■ What to work on ■
The answer must consist solely of the line that contains "Nylonjunge wichst in der roten strumpfhose" and all subsequent lines of the data, each reproduced exactly.

■ Exercise materials ■
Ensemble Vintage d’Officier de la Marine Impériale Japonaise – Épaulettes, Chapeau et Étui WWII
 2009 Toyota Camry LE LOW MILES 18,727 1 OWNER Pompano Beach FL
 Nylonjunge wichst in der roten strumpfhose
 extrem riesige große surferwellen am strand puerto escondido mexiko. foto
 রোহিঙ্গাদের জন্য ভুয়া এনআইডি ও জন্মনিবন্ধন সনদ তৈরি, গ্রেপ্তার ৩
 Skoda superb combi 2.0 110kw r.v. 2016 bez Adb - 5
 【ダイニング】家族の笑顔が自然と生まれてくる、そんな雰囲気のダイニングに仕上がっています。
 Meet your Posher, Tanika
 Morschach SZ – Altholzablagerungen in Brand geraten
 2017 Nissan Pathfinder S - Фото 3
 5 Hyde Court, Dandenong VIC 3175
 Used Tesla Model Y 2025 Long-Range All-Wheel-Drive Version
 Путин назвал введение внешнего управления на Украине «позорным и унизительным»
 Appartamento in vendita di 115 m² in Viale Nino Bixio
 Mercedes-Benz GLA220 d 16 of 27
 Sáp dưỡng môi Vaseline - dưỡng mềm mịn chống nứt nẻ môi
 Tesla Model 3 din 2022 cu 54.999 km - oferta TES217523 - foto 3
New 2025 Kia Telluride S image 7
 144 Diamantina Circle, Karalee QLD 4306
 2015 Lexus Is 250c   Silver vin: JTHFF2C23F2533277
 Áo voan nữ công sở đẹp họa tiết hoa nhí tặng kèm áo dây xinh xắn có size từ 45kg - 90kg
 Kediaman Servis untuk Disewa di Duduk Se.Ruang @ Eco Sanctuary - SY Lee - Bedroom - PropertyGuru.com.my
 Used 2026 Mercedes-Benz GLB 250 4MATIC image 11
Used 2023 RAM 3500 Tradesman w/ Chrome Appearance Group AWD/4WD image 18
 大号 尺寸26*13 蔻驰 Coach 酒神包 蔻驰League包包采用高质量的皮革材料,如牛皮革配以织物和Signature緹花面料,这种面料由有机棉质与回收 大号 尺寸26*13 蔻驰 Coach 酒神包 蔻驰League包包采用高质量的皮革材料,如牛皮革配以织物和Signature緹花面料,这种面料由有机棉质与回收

■ Answer to this task ■
 Nylonjunge wichst in der roten strumpfhose
 extrem riesige große surferwellen am strand puerto escondido mexiko. foto
 রোহিঙ্গাদের জন্য ভুয়া এনআইডি ও জন্মনিবন্ধন সনদ তৈরি, গ্রেপ্তার ৩
 Skoda superb combi 2.0 110kw r.v. 2016 bez Adb - 5
 【ダイニング】家族の笑顔が自然と生まれてくる、そんな雰囲気のダイニングに仕上がっています。
 Meet your Posher, Tanika
 Morschach SZ – Altholzablagerungen in Brand geraten
 2017 Nissan Pathfinder S - Фото 3
 5 Hyde Court, Dandenong VIC 3175
 Used Tesla Model Y 2025 Long-Range All-Wheel-Drive Version
 Путин назвал введение внешнего управления на Украине «позорным и унизительным»
 Appartamento in vendita di 115 m² in Viale Nino Bixio
 Mercedes-Benz GLA220 d 16 of 27
 Sáp dưỡng môi Vaseline - dưỡng mềm mịn chống nứt nẻ môi
 Tesla Model 3 din 2022 cu 54.999 km - oferta TES217523 - foto 3
New 2025 Kia Telluride S image 7
 144 Diamantina Circle, Karalee QLD 4306
 2015 Lexus Is 250c   Silver vin: JTHFF2C23F2533277
 Áo voan nữ công sở đẹp họa tiết hoa nhí tặng kèm áo dây xinh xắn có size từ 45kg - 90kg
 Kediaman Servis untuk Disewa di Duduk Se.Ruang @ Eco Sanctuary - SY Lee - Bedroom - PropertyGuru.com.my
 Used 2026 Mercedes-Benz GLB 250 4MATIC image 11
Used 2023 RAM 3500 Tradesman w/ Chrome Appearance Group AWD/4WD image 18
 大号 尺寸26*13 蔻驰 Coach 酒神包 蔻驰League包包采用高质量的皮革材料,如牛皮革配以织物和Signature緹花面料,这种面料由有机棉质与回收 大号 尺寸26*13 蔻驰 Coach 酒神包 蔻驰League包包采用高质量的皮革材料,如牛皮革配以织物和Signature緹花面料,这种面料由有机棉质与回收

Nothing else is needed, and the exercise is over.